What are the Downsides to Setting Up a Settlement Trust?
The downsides to using a settlement trust are that it costs money to maintain, the trust will be irrevocable, and the client must still work through a trustee to some degree for access to funds. For the client who insists on having full control over his or her funds, any one of these things could be a deal-breaker. While there is cost to maintaining a trust, the cost is generally outweighed by the trust’s investment income, as well as the convenience and protections discussed above. Irrevocability affords benefits, such as spendthrift and creditor protections, but it also means the client can’t suddenly decide they no longer want the trust, at least not without a generous right of withdrawal. Working with a trustee can be frustrating for a client because the client often wants full control. The trustee has certain legal and professional duties to uphold, which includes a duty to act in the client’s best interest, which may conflict with what the client desires. A good trustee can balance their own duties with the client’s wishes, but that does not guarantee the two will always work in perfect harmony.

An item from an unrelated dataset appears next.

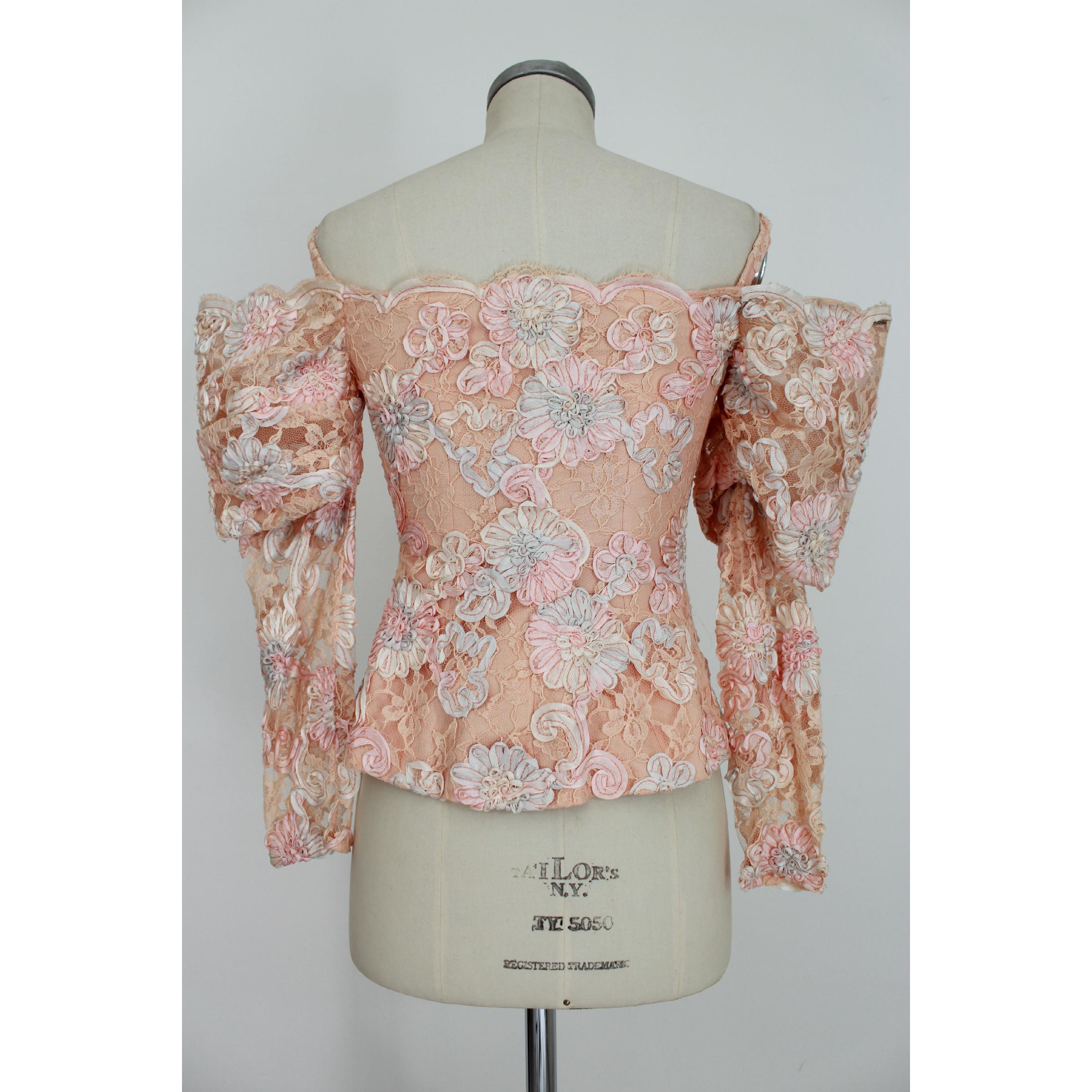 1970s Lanvin Pink Floral Lace Embroidered Formal Dress Set Skirt Jacket 1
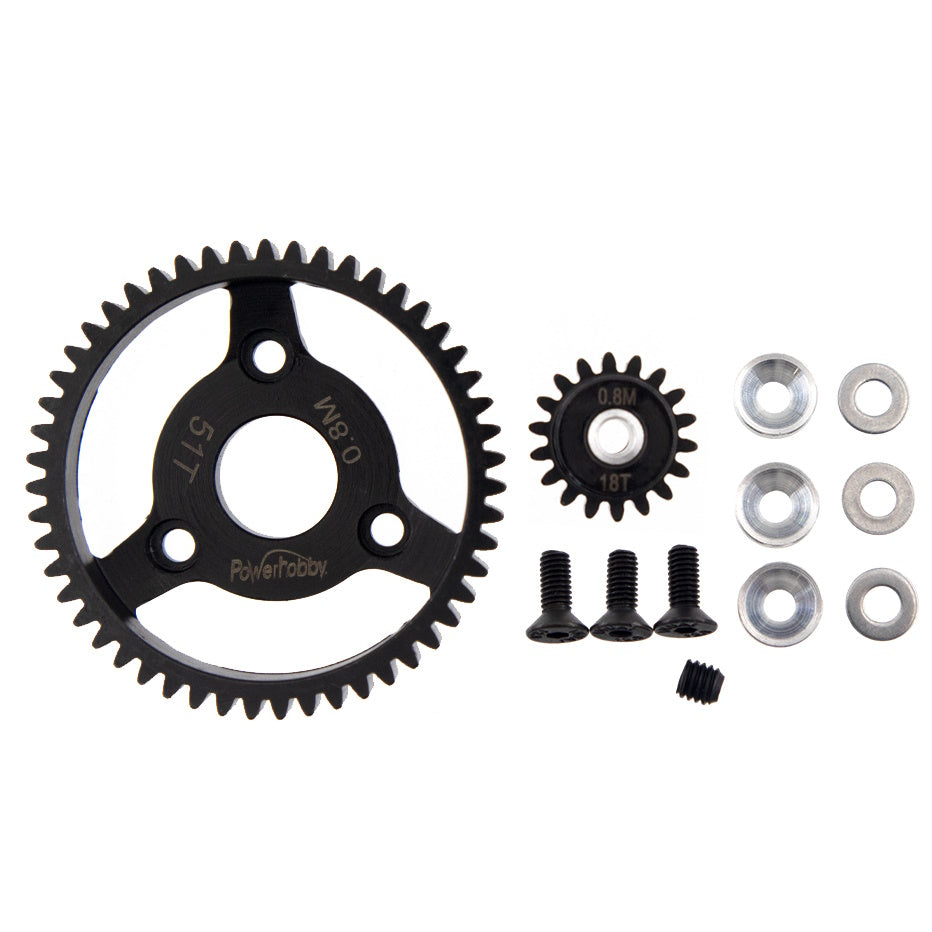 Powerhobby Hardened Steel 32P 51T 0.8M Spur Gear w 18T Pinion FOR Traxxas Slash 2WD - PowerHobby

Trustees Offer Experience, Expertise, and Convenience
Speaking of fees and costs, when you pay a trustee, you’re paying for their experience and their expertise. Clients who perhaps could not afford to make larger purchases prior to their accident, such as a home or vehicle, will benefit from someone walking them through the process and helping them evaluate potential purchases. Pooled trusts can also provide information about disability-related services your client might not know about, like care management and coordination. They can educate the client about best-practices, like how to pay a caregiver using funds from the trust while limiting liability. This is especially helpful in situations where a friend or family member is providing these services unpaid. Paying this person directly from the trust makes the trust the employer of record, which creates liability for the trust and the client. Many trustees utilize the service of separate company which becomes the employer of record. Not only does this reduce liability, the caregiver gets a regular paycheck, is covered by workers compensation insurance, and may have access to additional benefits like health insurance. Finally, a pooled trust can assist with managing the client’s finances. The trust can take over the chore of writing checks every month, functioning like automatic bill-pay.
Joining a pooled settlement management trust is an important decision; one with long-ranging consequences and implications for the future. It will not be the right fit for every situation, but it can make a world of difference for those who need the additional protection, assistance, and support.